##### Dataset content #####

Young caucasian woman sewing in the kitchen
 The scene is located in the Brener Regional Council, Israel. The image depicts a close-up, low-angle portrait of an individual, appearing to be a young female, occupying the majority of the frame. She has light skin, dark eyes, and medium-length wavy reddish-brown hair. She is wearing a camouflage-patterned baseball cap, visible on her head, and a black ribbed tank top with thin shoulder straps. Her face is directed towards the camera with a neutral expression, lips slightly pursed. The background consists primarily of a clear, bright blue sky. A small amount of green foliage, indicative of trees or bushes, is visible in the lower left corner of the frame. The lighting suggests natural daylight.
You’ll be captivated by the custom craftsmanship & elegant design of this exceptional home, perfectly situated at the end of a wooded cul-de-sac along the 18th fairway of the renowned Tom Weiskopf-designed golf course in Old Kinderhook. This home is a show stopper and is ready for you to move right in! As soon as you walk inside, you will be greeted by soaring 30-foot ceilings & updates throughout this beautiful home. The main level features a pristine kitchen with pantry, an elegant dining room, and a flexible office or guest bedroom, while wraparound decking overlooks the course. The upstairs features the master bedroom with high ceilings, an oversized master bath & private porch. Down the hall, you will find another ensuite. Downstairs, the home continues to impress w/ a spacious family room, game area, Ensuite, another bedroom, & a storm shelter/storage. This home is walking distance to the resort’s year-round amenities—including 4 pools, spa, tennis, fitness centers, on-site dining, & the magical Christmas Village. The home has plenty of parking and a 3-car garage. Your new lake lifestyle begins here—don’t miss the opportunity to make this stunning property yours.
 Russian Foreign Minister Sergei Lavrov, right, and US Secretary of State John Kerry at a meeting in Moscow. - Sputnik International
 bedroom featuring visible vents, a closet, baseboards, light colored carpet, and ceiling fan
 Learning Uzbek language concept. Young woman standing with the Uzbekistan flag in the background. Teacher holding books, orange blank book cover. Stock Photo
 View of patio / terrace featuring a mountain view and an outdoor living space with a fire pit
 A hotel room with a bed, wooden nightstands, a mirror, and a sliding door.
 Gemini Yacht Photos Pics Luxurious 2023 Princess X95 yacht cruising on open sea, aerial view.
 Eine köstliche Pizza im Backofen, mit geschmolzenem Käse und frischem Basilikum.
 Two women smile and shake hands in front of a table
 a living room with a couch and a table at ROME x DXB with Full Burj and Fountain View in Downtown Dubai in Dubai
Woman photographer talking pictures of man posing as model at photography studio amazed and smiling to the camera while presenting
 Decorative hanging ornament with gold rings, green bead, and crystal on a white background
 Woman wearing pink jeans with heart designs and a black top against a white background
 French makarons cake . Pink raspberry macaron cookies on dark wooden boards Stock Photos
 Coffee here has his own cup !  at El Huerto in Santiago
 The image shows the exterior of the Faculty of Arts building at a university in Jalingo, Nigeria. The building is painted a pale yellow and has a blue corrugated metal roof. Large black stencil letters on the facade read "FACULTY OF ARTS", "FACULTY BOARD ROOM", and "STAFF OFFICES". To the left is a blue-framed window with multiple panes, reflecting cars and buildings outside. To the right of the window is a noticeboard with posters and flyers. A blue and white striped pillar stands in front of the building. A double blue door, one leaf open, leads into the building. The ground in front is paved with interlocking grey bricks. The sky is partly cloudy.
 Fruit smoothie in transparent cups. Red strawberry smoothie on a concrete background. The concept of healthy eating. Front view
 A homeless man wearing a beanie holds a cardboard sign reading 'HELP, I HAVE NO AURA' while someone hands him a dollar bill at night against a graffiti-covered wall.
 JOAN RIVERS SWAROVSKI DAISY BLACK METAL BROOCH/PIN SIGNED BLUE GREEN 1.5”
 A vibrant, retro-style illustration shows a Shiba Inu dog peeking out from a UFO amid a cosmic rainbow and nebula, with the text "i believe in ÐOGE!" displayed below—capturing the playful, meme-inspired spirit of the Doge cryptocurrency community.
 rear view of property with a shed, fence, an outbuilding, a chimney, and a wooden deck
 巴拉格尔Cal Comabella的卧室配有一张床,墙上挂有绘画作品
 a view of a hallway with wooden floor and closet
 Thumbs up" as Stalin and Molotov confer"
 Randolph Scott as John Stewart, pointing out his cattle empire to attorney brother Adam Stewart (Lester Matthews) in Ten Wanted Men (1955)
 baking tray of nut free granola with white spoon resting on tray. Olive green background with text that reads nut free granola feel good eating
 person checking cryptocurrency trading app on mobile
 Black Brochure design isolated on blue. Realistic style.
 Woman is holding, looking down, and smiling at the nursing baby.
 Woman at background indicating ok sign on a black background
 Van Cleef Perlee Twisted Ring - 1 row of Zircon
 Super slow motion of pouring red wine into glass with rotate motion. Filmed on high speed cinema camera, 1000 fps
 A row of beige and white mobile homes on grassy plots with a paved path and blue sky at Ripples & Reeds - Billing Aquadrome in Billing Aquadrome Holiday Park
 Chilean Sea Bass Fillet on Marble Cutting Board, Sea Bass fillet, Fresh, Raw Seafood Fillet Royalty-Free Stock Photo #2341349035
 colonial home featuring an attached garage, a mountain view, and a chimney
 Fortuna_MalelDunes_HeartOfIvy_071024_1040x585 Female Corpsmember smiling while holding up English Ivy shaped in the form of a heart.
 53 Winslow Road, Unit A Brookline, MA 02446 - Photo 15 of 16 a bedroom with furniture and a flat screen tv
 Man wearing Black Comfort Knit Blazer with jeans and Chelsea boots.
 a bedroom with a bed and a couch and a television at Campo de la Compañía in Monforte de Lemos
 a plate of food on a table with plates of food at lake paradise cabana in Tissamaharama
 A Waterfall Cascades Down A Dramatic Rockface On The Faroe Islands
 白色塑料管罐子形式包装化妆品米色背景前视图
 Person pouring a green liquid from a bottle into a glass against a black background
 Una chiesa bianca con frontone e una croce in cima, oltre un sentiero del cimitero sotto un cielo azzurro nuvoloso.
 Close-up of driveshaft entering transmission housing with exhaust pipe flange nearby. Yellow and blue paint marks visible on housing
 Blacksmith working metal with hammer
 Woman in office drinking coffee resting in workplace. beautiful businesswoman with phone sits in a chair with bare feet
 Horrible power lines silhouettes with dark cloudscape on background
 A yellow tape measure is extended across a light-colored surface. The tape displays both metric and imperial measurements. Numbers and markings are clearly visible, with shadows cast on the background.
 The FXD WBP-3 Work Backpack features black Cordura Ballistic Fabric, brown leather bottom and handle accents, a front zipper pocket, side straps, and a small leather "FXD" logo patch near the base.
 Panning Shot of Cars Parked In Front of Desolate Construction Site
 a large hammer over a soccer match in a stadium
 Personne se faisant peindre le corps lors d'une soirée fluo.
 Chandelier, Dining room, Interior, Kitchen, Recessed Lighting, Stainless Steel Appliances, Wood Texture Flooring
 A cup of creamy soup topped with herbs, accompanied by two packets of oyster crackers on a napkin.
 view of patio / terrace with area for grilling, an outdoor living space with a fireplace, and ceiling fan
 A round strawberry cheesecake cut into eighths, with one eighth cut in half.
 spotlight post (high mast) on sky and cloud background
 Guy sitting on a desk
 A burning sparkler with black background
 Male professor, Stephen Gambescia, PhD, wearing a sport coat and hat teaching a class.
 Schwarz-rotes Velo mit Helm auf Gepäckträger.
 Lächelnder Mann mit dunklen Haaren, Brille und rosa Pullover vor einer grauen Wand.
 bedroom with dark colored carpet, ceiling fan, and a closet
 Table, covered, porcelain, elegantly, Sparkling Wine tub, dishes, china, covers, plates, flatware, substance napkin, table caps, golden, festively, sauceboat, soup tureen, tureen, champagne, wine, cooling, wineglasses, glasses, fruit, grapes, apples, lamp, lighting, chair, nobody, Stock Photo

#####

Your answer must be every line from the entries that contains the string "hands", copied as it stands.

 Two women smile and shake hands in front of a table
 A homeless man wearing a beanie holds a cardboard sign reading 'HELP, I HAVE NO AURA' while someone hands him a dollar bill at night against a graffiti-covered wall.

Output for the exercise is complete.